Observations of 2I/Borisov, however, are showing it to be...well... remarkably unremarkable.
This animation shows a sequence of Hubble images of Comet Borisov, as it moves against the backdrop of stars (the streaks in the background). Credit: Hubble/ESA/NASA
Other than being slightly more reddish in colour, its behaviour is surprisingly like that of any home-grown comet.
By 'home-grown', that means any comet that originates from within our solar system - either from the Kuiper Belt out near Pluto, or from the Oort Cloud of cometary bodies that supposedly surrounds the solar system.
"Whereas 'Oumuamua looked like a bare rock, Borisov is really active, more like a normal comet," David Jewitt of UCLA, who is leading the Hubble observations of 2I/Borisov, said in a Hubble statement. "It's a puzzle why these two are so different."
Amaya Moro-Martin of the Space Telescope Science Institute added: "Because another star system could be quite different from our own, the comet could have experienced significant changes during its long interstellar journey. Yet its properties are very similar to those of the Solar System's building blocks, and this is very remarkable."
Comet 2I/Borisov is on a path that is carrying it down through the inner solar system, with its closest approach to the Sun being just beyond the orbit of Mars.

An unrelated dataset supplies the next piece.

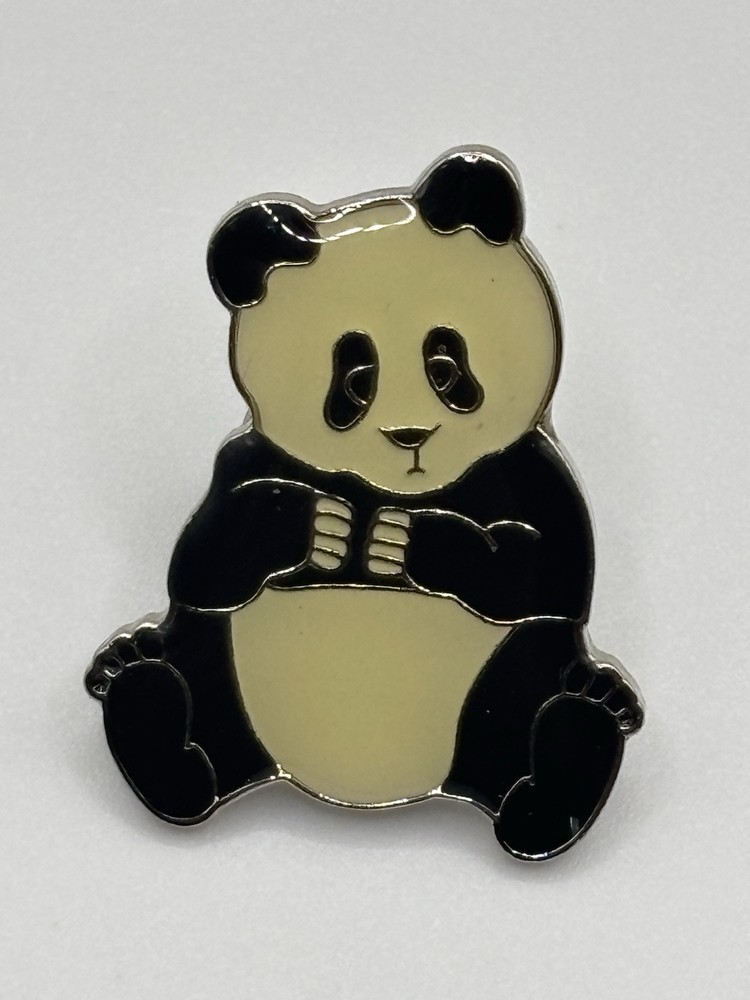PANDA BEAR LAPEL PIN NEW
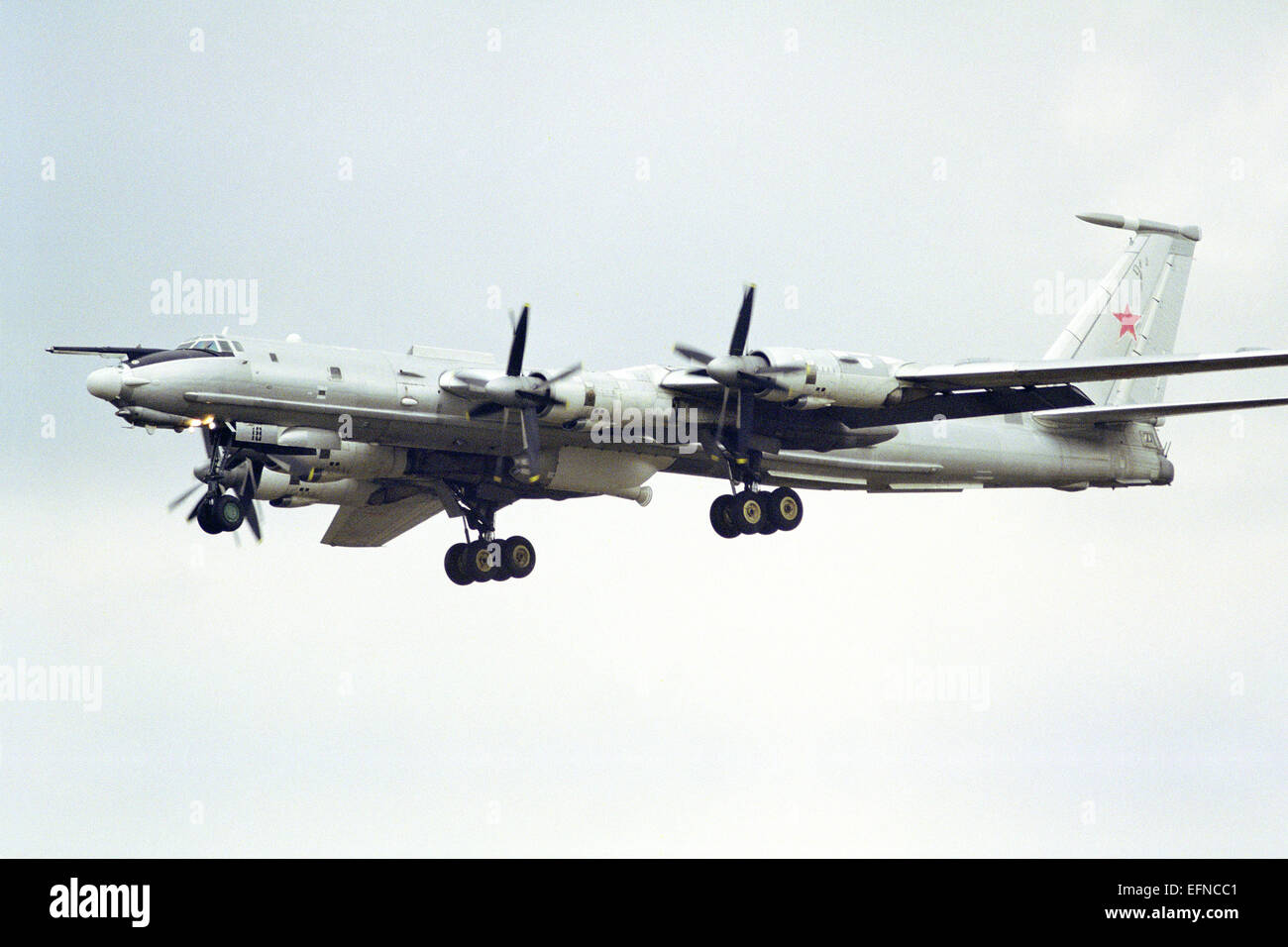 Tupolev Tu-142MR Bear Flugzeuge bei der Landung Stockfoto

This illustration shows 21/Borisov's hyperbolic path through the Solar System. The comet's straight path across interstellar space is slightly deflected by the Sun's gravitational pull. The comet is travelling so fast, at over 155,000 kilometres per hour, it will eventually leave the Solar System. The panel on the right shows the comet’s position relative to Earth when Hubble observed it on 12 October 2019, when it was 420 million kilometres from Earth. Credit: NASA, ESA, J. Olmsted, F. Summers (STScI).
The comet was 420 million kilometres from Earth when Hubble snapped these images of it, or a little less than three times farther away than the distance between the Sun and Earth.
At its closest approach to Earth, on December 29, 2019, 2I/Borisov will be over 290 million kilometres from us, or just shy of twice the distance between Earth and the Sun.
"New comets are always unpredictable," Max Mutchler, another member of the observing team from the Space Telescope Science Institute, told NASA. "They sometimes brighten suddenly or even begin to fragment as they are exposed to the intense heat of the Sun for the first time. Hubble is poised to monitor whatever happens next with its superior sensitivity and resolution."